IMPOSSIBLE FOODS, IMPOSSIBLE TRUTH

According to an article in Fast Company last week, Impossible Foods has had a price breakthrough for its fake meat by switching from wheat to soybeans.

 Soybeans, of course, are much higher in protein than wheat so in making fake meat for the Impossible Burger it stands to reason that using soybeans would be more efficient.  They also have a higher yield per acre.  They also account for the highest use of glyphosate, the herbicide implicated in the first two negative jury verdicts against Bayer, buyer of Monsanto.  Some 11,400 lawsuits are pending, but so far, Monsanto is batting 0-2 in its glyphosate claims.

 The statement that got my goat is from Rebekah Moses, senior manager of impact strategy at Impossible Foods:  "The best, fastest, easiest way to make meat more sustainable is to avoid the cow."  According to the company, their fake burger reduces the carbon footprint by 89 percent, uses 87 percent less water, 96 percent less land and reduces water contamination by 92 percent.

 I have news for you, folks.  The Rhode Island-sized dead zone in the Gulf of Mexico did not exist when perennials and bison roamed the prairies--in arguably more poundage than all of today's American cattle.  No, that dead zone came as a result of annuals, chief of which are corn and soybeans. 

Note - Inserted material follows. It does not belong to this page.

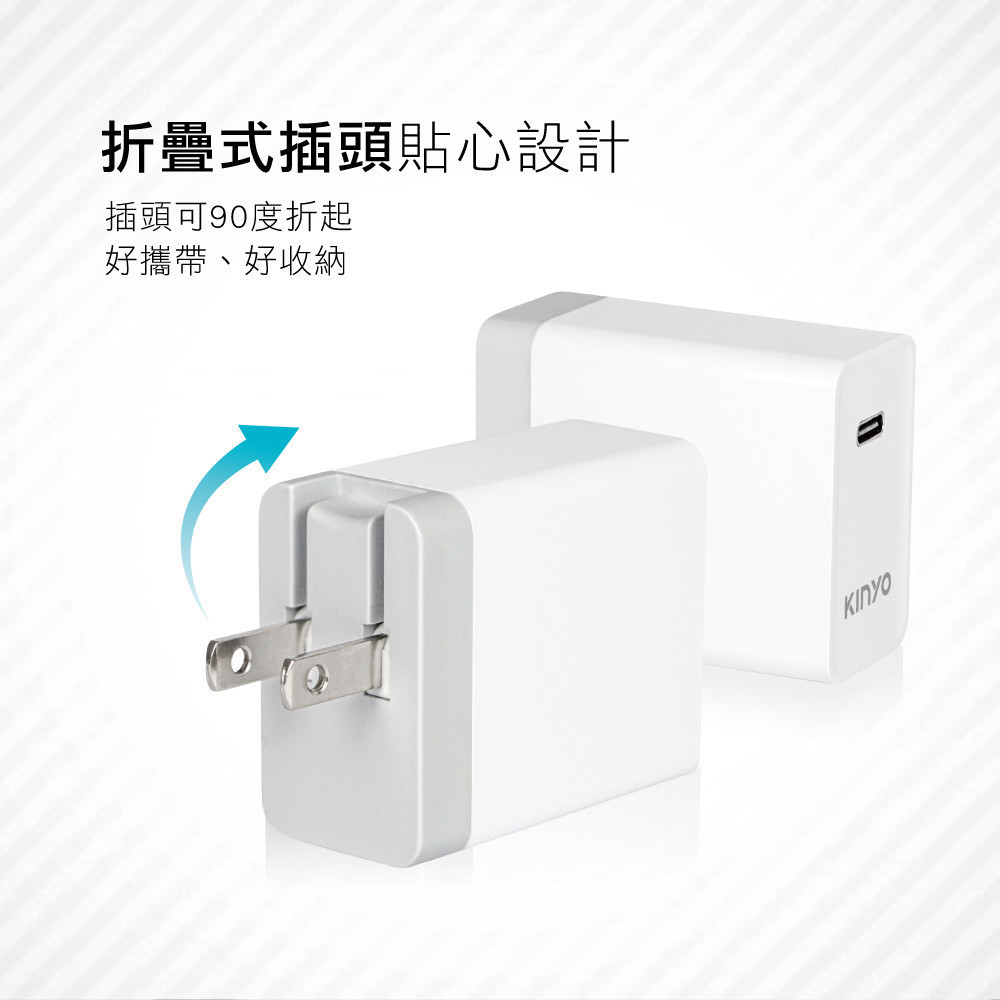 福利品【KINYO直營】25W快充 Type-C單孔充電器 (PDCB) | 蝦皮購物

 All of Impossible Burger's claims are audited and verified by Quantis, a consulting outfit.  Throughout the announcement, Moses kept talking about burps and gassing, deforestation and greenhouse gases.  This diatribe against herbivores and the fake science behind it is getting under my skin.  I have to take a deep breath and realize how many movements turned out to be horrible:  hydrogenated vegetable oil, anti-microbial soap, the food pyramid and many others.

 Herbivores, prairies, and predators built the soil in all the areas currently being mined by soybeans.  Perennials and not annuals; animals in symbiosis with plants--these are the truths that guide ecology.  The anti-herbivore crowd religiously refuses to ascribe any positives to mega-fauna.  And of course, their data points are all assuming corn-based, feedlot fattened, aquifer irrigated, continuously and over-grazed mis-management.  None of this dystopian production protocol mimics nature.

 Soybeans are as anti-nature as you can get.  Monocrops.  Chemicals.  Tillage or herbicide--trading the Devil for the witch. Killing perennials and prairie.  Mechanical harvest.  Soil extractive.  Fertility exploitive.

 The cow requires no planted seed, enjoys diverse vegetation, thrives on perennials, does not require mechanical harvest, builds soil, increases hydration--IF she's managed according to nature's template.  What all these fake meat diatribes need to say, to be honest, is an opening caveat that "compared to conventional industrial anti-ecological cattle production."  That would actually be honest.

 To demonize the most efficacious soil building mob stocking herbivorous solar conversation lignified carbon sequestration fertilization template in the ecological foundation is absurd and evil.  Why can't Impossible Foods simply offer their soybean alternative as a choice in the marketplace?  Why must they fuel their marketing message with vitriol against every herbivore on the planet?  Of course, they're very careful to single out cows, but if their message is correct, it must include horses, elephants, zebras, caribou, moose--every herbivore on the planet.  That's a pretty broad swipe, don't you think?

 Did God make a mistake when creating herbivores?